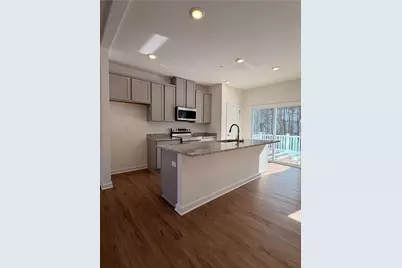 2002 Canterbury Dr #212D, Imperial, PA 15126 - Photo 3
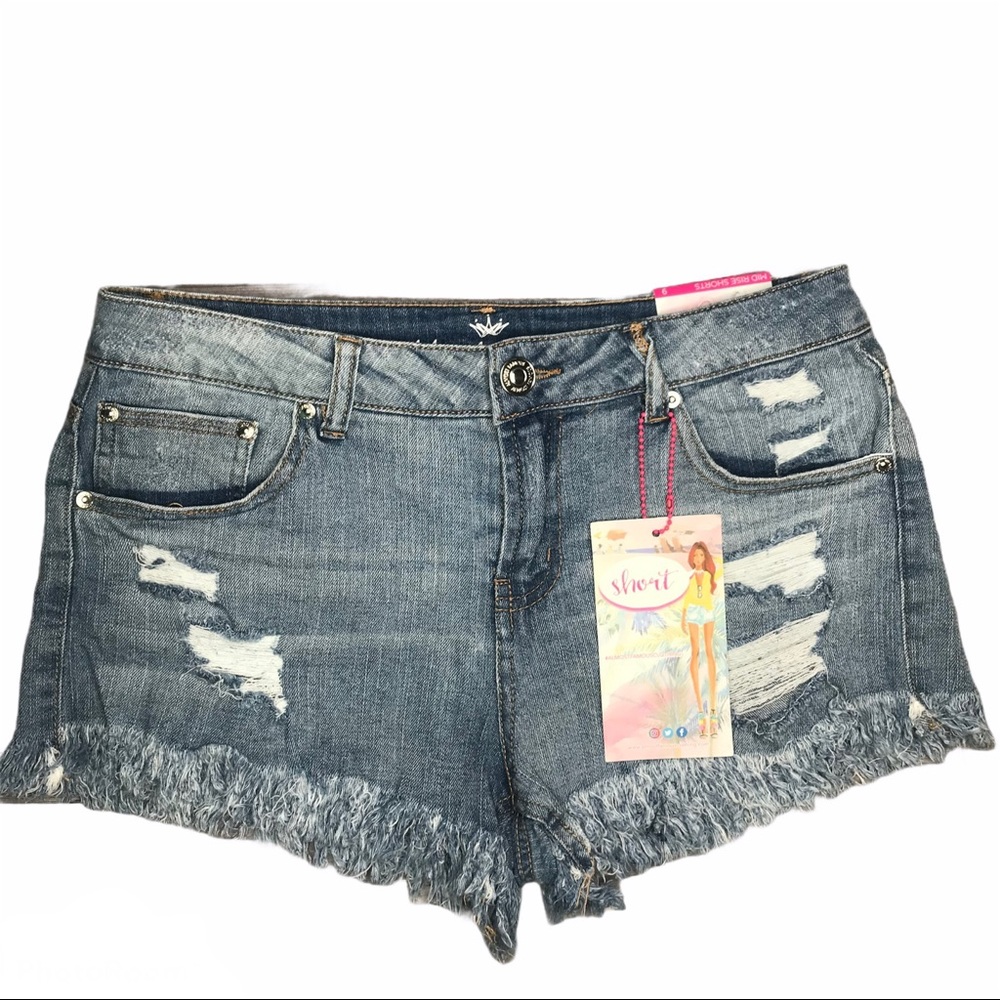 Almost Famous Mid-Rise Frayed Denim Shorts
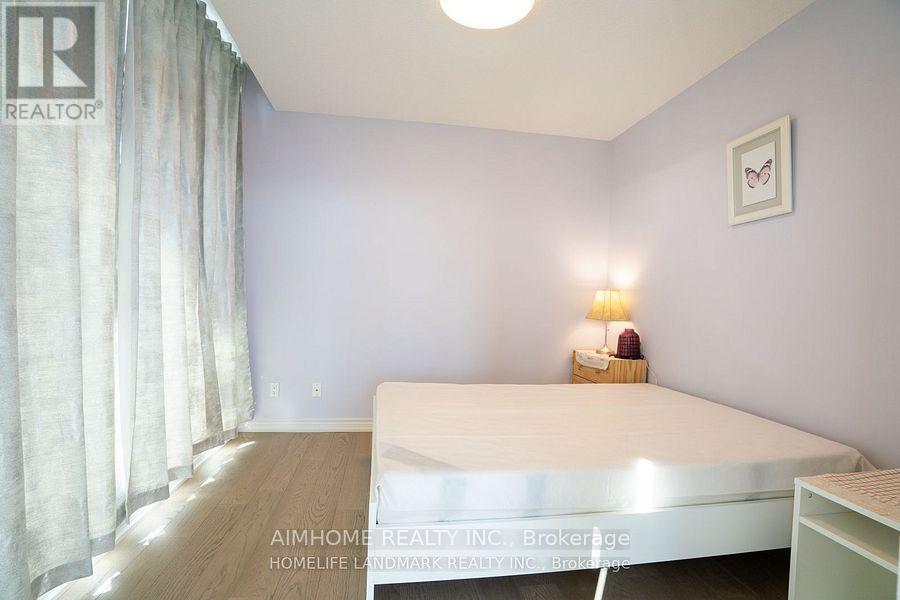 3202 - 2240 Lake Shore Boulevard, Toronto, ON - Indoor Photo Showing Bedroom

□ □ □ □

[Exercise prompt]: Keep the pictures out of the copy and write out the data exactly as it stands.

[Solved exercise]:
 2002 Canterbury Dr #212D, Imperial, PA 15126 - Photo 3
 Almost Famous Mid-Rise Frayed Denim Shorts
 3202 - 2240 Lake Shore Boulevard, Toronto, ON - Indoor Photo Showing Bedroom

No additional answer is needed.